Laissons donc Spinoza nous exposer le principe de cet univers qui est le notre, le préjugé qui lui sert de base, qu’il énonce comme suit : « les hommes supposent communément que toutes les choses de la nature agissent, comme eux-mêmes, en vue d'une fin, et vont jusqu'à tenir pour certain que Dieu lui-même dirige tout vers une certaine fin ; ils disent, en effet, que Dieu a tout fait en vue de l'homme et qu'il a fait l'homme pour que l'homme lui rendît un culte. » (Appuhn, 61). Ce préjugé, à son tour, repose sur deux faits qu’il est aisé de constater : «  il suffira pour le moment de poser en principe ce que tous doivent reconnaître : que tous les hommes naissent sans aucune connaissance des causes des chose, et que tous ont un appétit de rechercher ce qui leur est utile, et qu’ils en ont conscience. De là suit : I° que les hommes se figurent être libres, parce qu’ils ont conscience de leurs volitions et de leur appétit et ne pensent pas, même en rêve, aux causes par lesquelles ils sont disposés à appéter et à vouloir, n'en ayant aucune connaissance. Il suit : 2° que les hommes agissent toujours en vue d'une fin, savoir l'utile qu'ils appètent. D'où résulte qu'ils s'efforcent toujours uniquement à connaître les causes finales des choses accomplies et se tiennent en repos quand ils en sont informés, n'ayant plus aucune raison d'inquiétude. » (Appuhn, 62).

Spinoza décrit ainsi le cadre d’une ontologie imaginaire de base : le sujet libre qui règles sa conduite sur des fins et des choses qui, également, se trouvent ordonnées à des fins, que ce soient celles de l’homme ou celles, plus obscures, de Dieu. Ceci s’accompagne d’une épistémologie, d’une doctrine sur la connaissance qui est entièrement axée sur la question de la finalité. Elle ne se pose donc pas la question « Qu’est-ce que c’est ? » ou « Comment cela s’est-il produit ? » qui seraient les questions de l’essence et de la cause, mais sur la seule question « À quoi ça sert ? »

Pour faire comprendre les effets de ce décalage entre notre conscience de notre propre désir et de ses objets et l’ignorance de leurs causes, Spinoza nous raconte une brève histoire qui est celle de notre conscience, mais aussi celle qui est à la base des religions et de la plupart des philosophies.
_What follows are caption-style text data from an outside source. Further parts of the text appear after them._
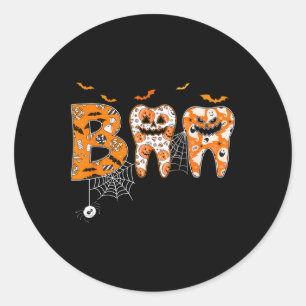 Boo Teeth Pumpkin Dentist Dental Hygienist Hallowe Runt Klistermärke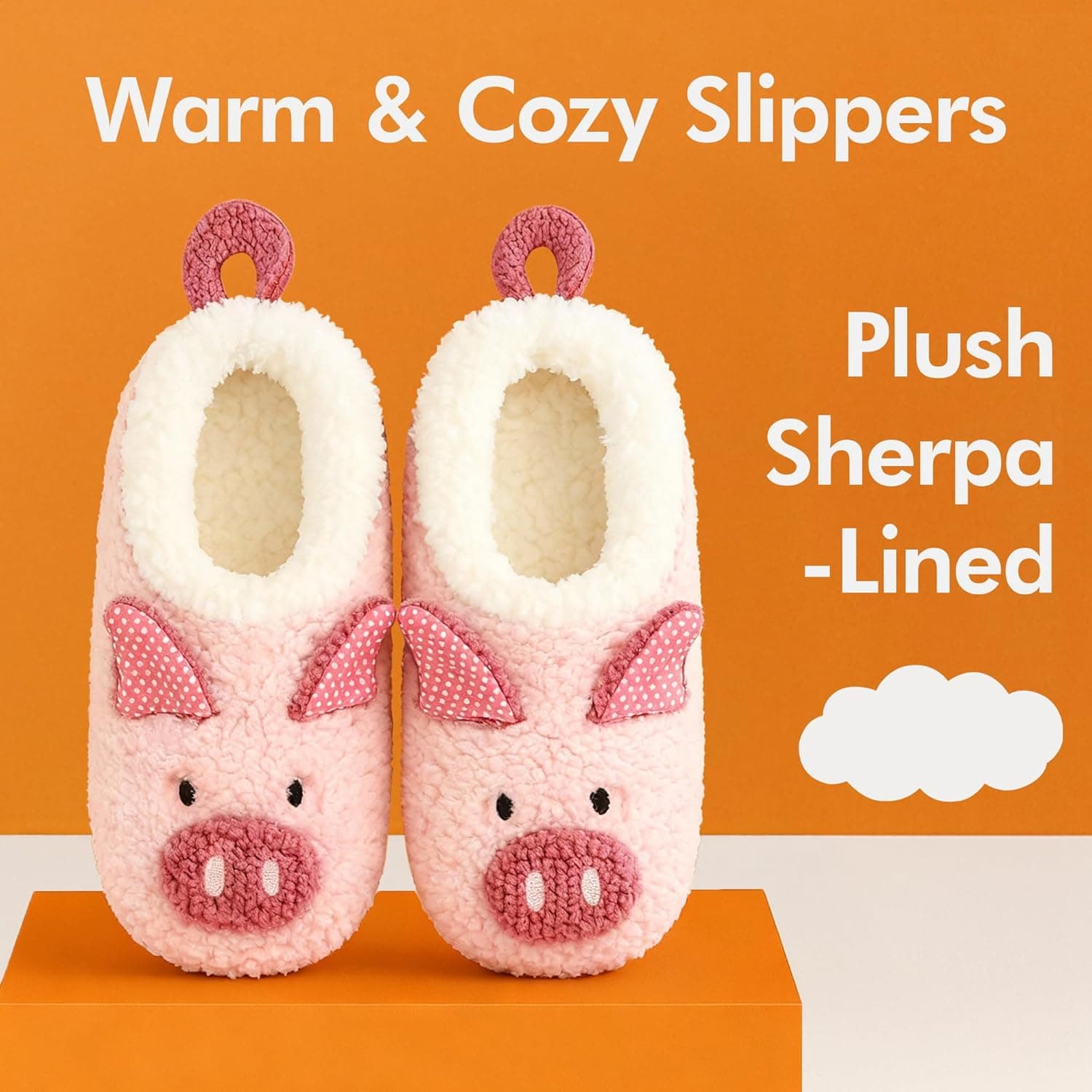 Snoozies Animal Slipper Socks for Women, Fuzzy Slippers Soft Non-Slip with Sherpa Lining, Cute Slippers (Pig, Large) | Slippers thumbnail 3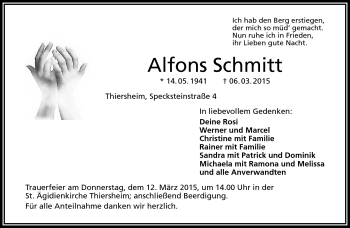 Traueranzeige von Alfons Schmidt von Frankenpost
Cette histoire commence par une rencontre : « Comme, en outre, ils trouvent en eux-mêmes et hors d'eux un grand nombre de moyens contribuant grandement à l'atteinte de l'utile, ainsi, par exemple, des yeux pour voir, des dents pour mâcher, des herbes et des animaux pour l'alimentation, le soleil pour s'éclairer, la mer pour nourrir des poissons, ils en viennent à considérer toutes les choses existant dans la Nature comme des moyens à leur usage. »(Appuhn, 62). Le préjugé finaliste s’inscrit en nous avec l’évidence de ce qui nous est le plus proche «des yeux pour voir, des dents pour mâcher », de notre corps même conçu comme un ensemble d’instruments disposés en vue d’une fin. De proche en proche, c’est la nature tout entière qui est vue comme ordonnée à l’utilité de l’homme.

Or, comme il se trouve que ces prétendus moyens disposés en vue des fins humaines n’ont pas été produits par les hommes, « ils ont tiré de là un motif de croire qu'il y a quelqu'un d'autre qui les a procurés pour qu'ils en fissent usage. Ils n'ont pu, en effet, après avoir considéré les choses comme des moyens, croire qu'elles se sont faites elles-mêmes, mais, tirant leur conclusion des moyens qu'ils ont accoutumé de se procurer, ils ont dû se persuader qu'il existait un ou plusieurs directeurs de la nature, doués de la liberté humaine, ayant pourvu à tous leurs besoins et tout fait pour leur usage. N'ayant jamais reçu au sujet de la complexion de ces êtres aucune information, ils ont dû aussi en juger d'après la leur propre, et ainsi ont-ils admis que les Dieux dirigent toutes choses pour l'usage des hommes afin de se les attacher et d'être tenus par eux dans le plus grand honneur ; par où il advint que tous, se référant à leur propre complexion, inventèrent divers moyens de rendre un culte à Dieu afin d'être aimés par lui par-dessus les autres, et d'obtenir qu'il dirigeât la Nature entière au profit de leur désir aveugle et de leur insatiable avidité. » (Appuhn, 62) Nous assistons donc à la projection généralisée du désir humain sur l’ensemble de la nature, mais aussi sur la cause supposée de celle-ci : les Dieux ou recteurs de la nature. Nous avons ainsi, à côté d’une ontologie naïve, une théologie naïve également fondée sur l’imagination.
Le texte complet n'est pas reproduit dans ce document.